Last semester, they also had something called Creation Week, where five world-class directors were brought into the school to work with a group of students and put together three 10-minute presentations in one week. 

“It’s a lot. It’s very full, the schedule is high-demand,” she said. “They expect a lot because you’re the best.” 

Alex said that last point has been the most humbling part of the whole experience. Students come from all over the world to audition for the program and only very few get accepted. 

“It’s such an honour in the circus world,” she said. “It’s so cool… you’re looking at some of the best people coming into circus right now.”

Another thing that was new to her was learning all the different apparatuses in circus. Alex is an aerial artist that performs on silks, but there are other aerialists, like swinging trapeze, cloud swing, aerial traps, and dance trapeze. Then there are the ground circus artists, like wire walkers, hand balancers, jugglers and hoop divers — not to be confused with hula hoopers, who are different from the unicyclists and acro-bikers. 

“I am still learning so much about the circus world, but it’s really impressive,” said Alex. 

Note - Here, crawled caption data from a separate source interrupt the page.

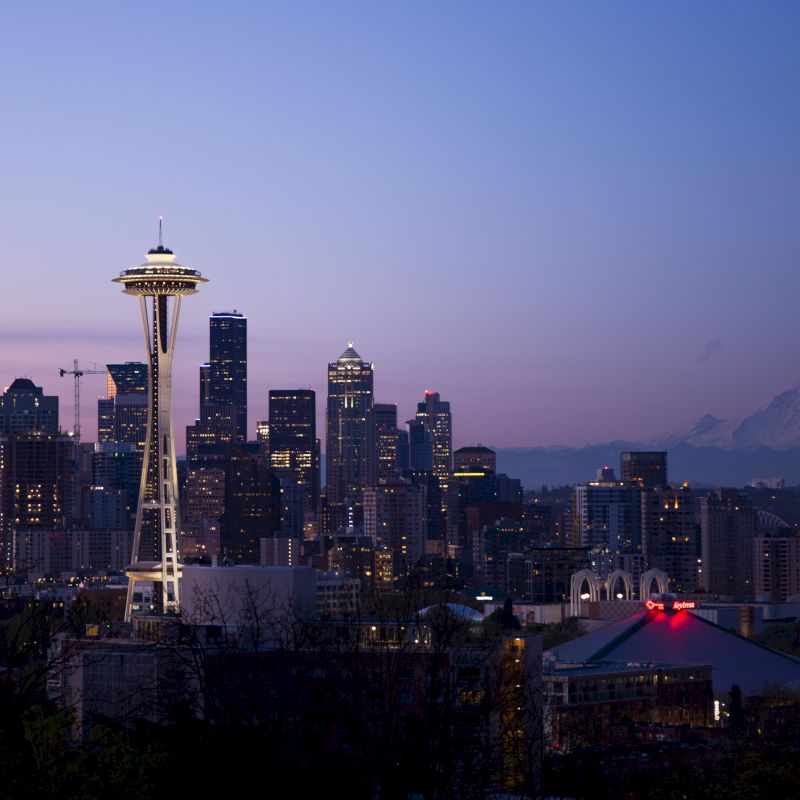 Seattle skyline at dusk with the Space Needle, city lights, and Mount Rainier in the background.
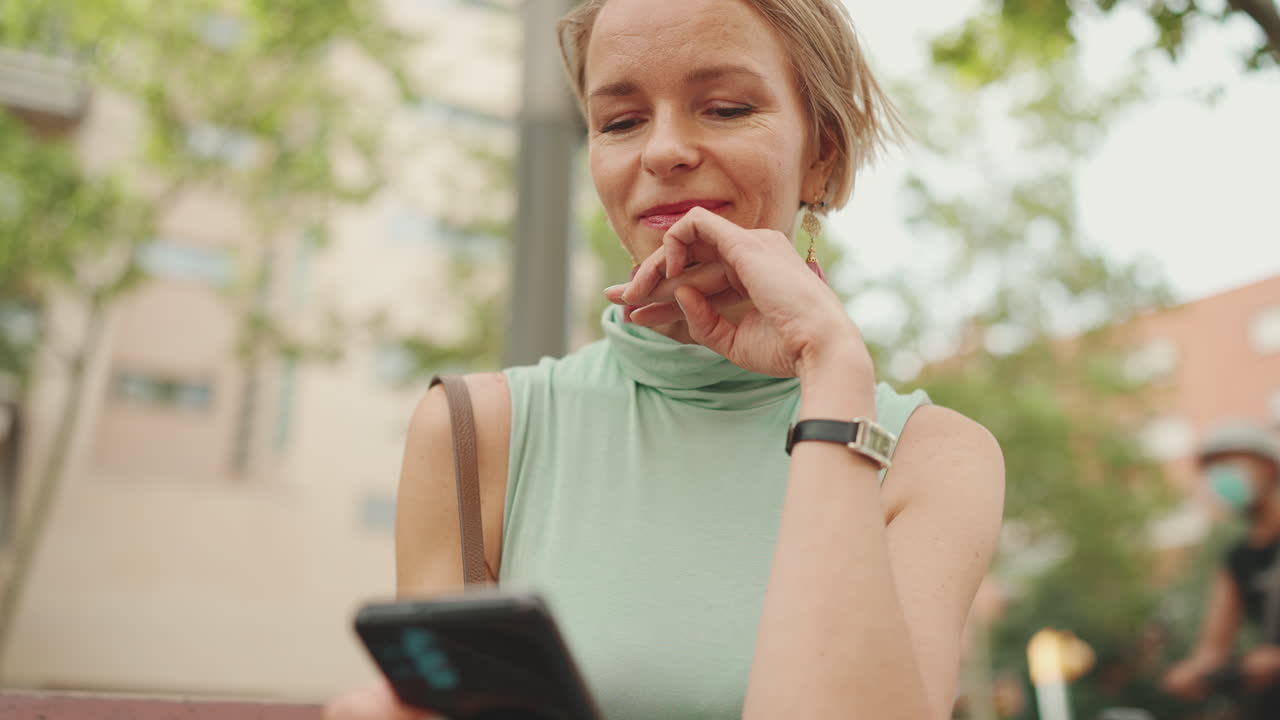 Woman using smartphone outdoors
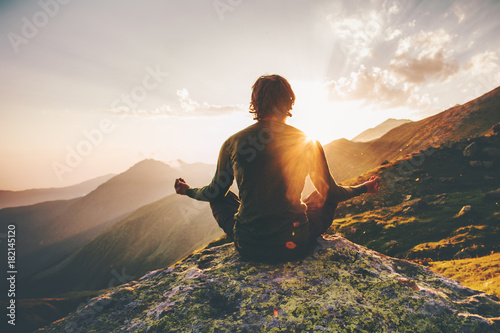 Fotografie, Obraz Man meditating yoga at sunset mountains Travel Lifestyle relaxation emotional co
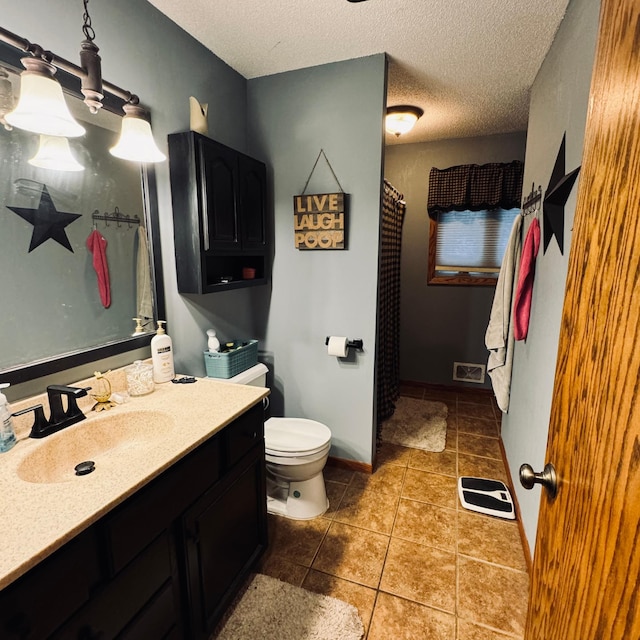 bathroom with toilet, a textured ceiling, vanity, and tile patterned flooring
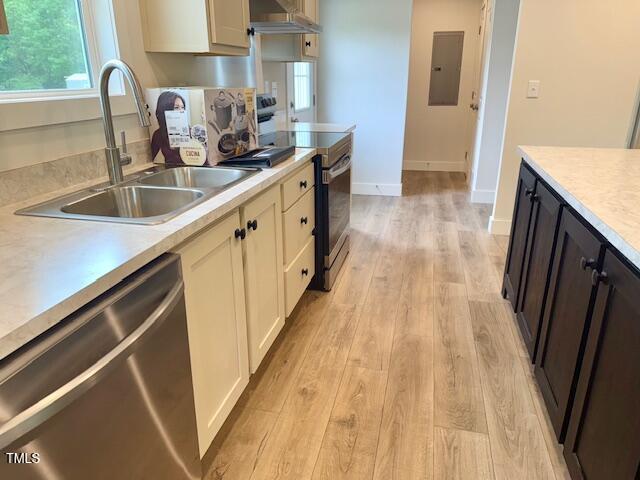 kitchen featuring a sink, appliances with stainless steel finishes, light countertops, electric panel, and light wood finished floors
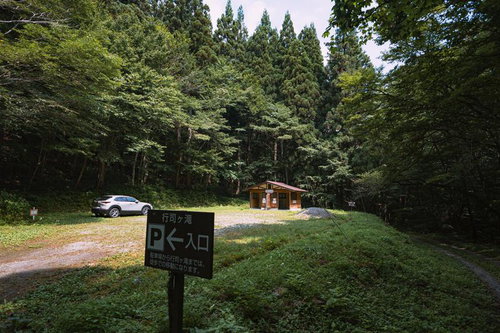 行司ヶ滝の駐車場と森の入り口、管理棟とトイレ施設
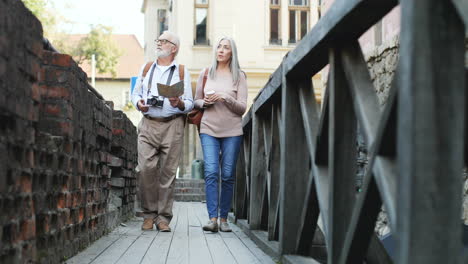 View-From-Below-Of-Senior-Couple-With-A-Map-And-Coffee-Walking-A-Narrow-Bridge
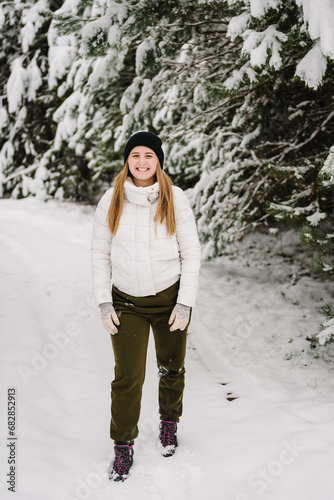 Winter smiling woman among snowdrifts. Happy girl playing in winter park, spending holidays. Woman walk in mountain country in snowy forest together. Female having fun walking in snow nature.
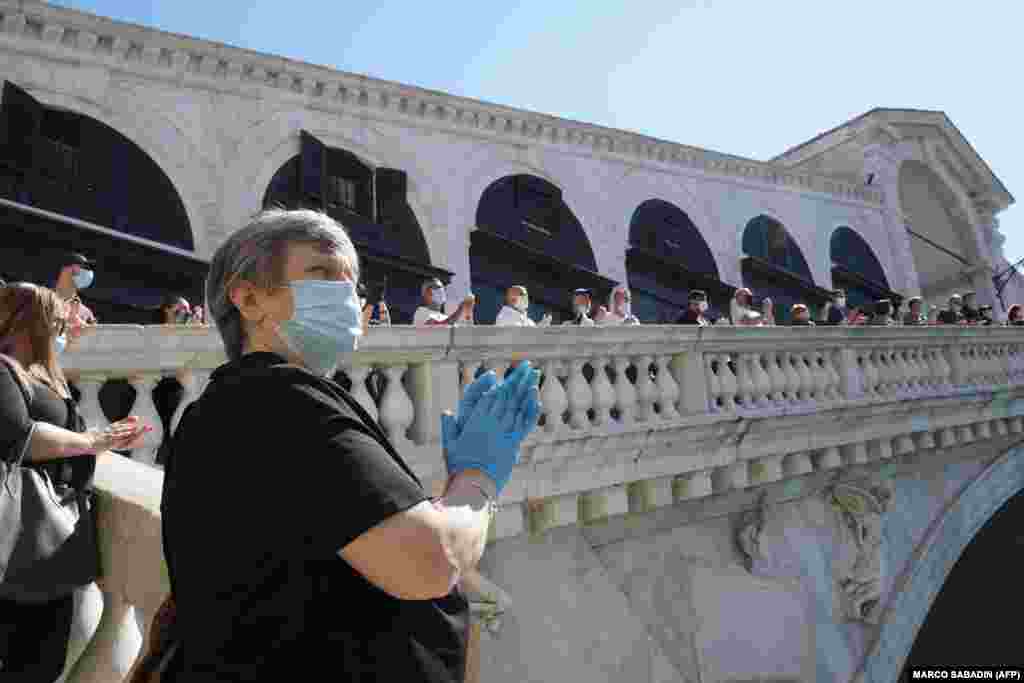 Italian shopkeepers gather for a flash-mob protest on the Rialto Bridge on May 4 in Venice.
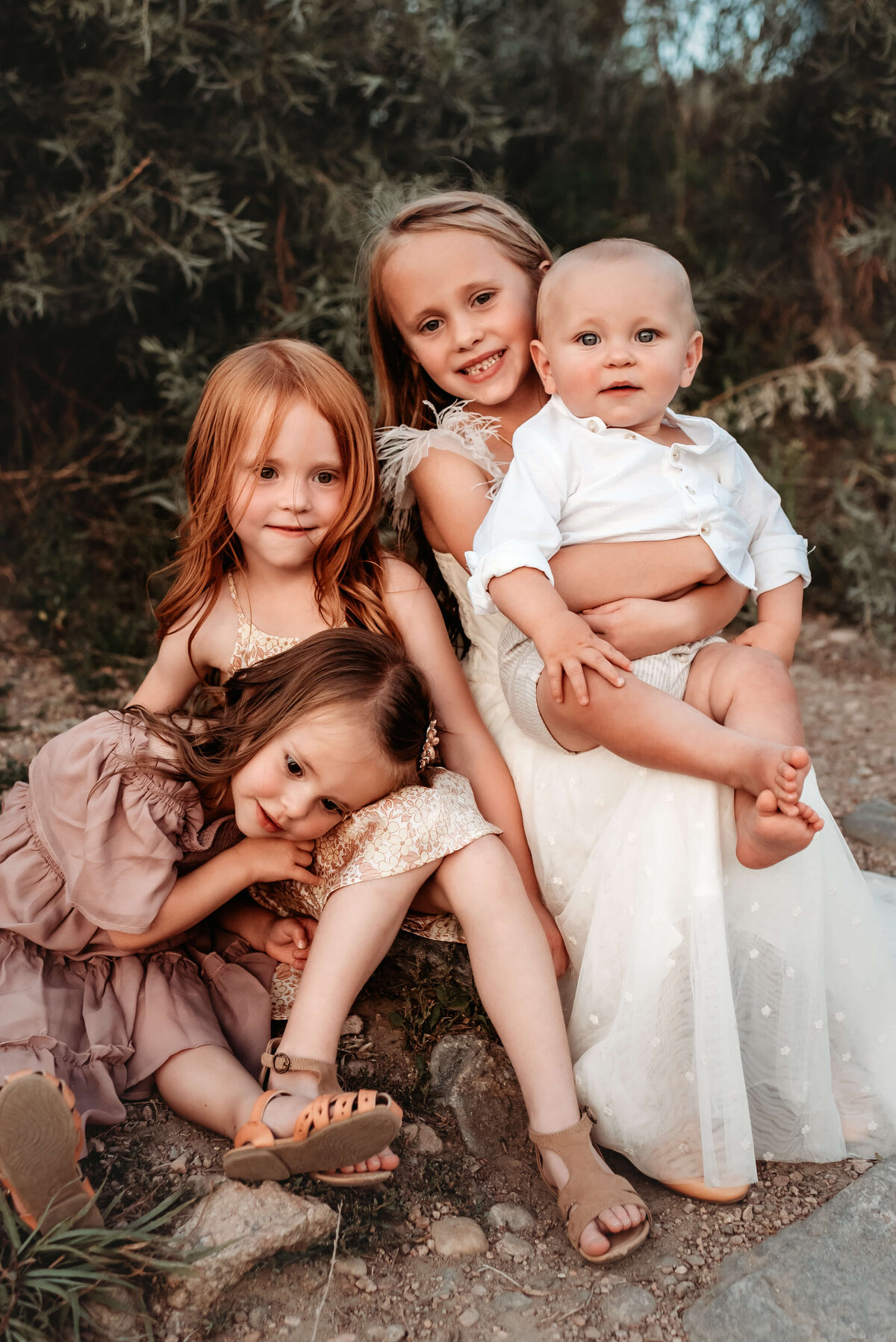 denver family photography of four siblings sitting on rocks
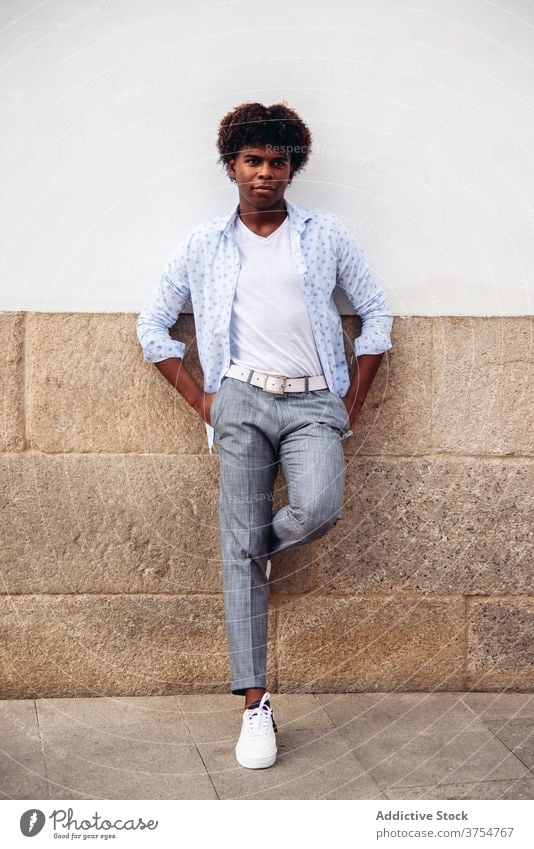 Confident man in stylish wear in city style trendy modern street posture unemotional building wall male ethnic black african american appearance hairstyle afro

But at the end of the day, she still loves her silks the most. “Anytime I am free training at the end of the day I am always on the silks,” said Alex. 

The Collingwood native had always been artistic. She started in theatre, but when she discovered aerial silks she was drawn to circus because of the high level of athleticism it required. After a single class at the Collingwood Circus School in 2016, she became wrapped up in the artistic sport. 

“I love the feeling of it, dropping through the air. It feels like flying,” she said. “The audience’s reaction as well.”

In 2019, Alex also published her debut novel, Partly Cloudy. Written when she was just 14-years-old, the novel explores sensitive topics that surround teenagers growing up in a digital era and the unique challenges they face. 

Despite spending her days throwing her body dozens of feet above the air, she said that experience was up there as one of the scarier things she’s ever done, emotionally. 

“Writing poetry is emotionally vulnerable and to put that my next goal was to get into this school on the back of the book was also scary,” she said. “Writing that book showed me that I could take some of my greatest pains and turn them into art.”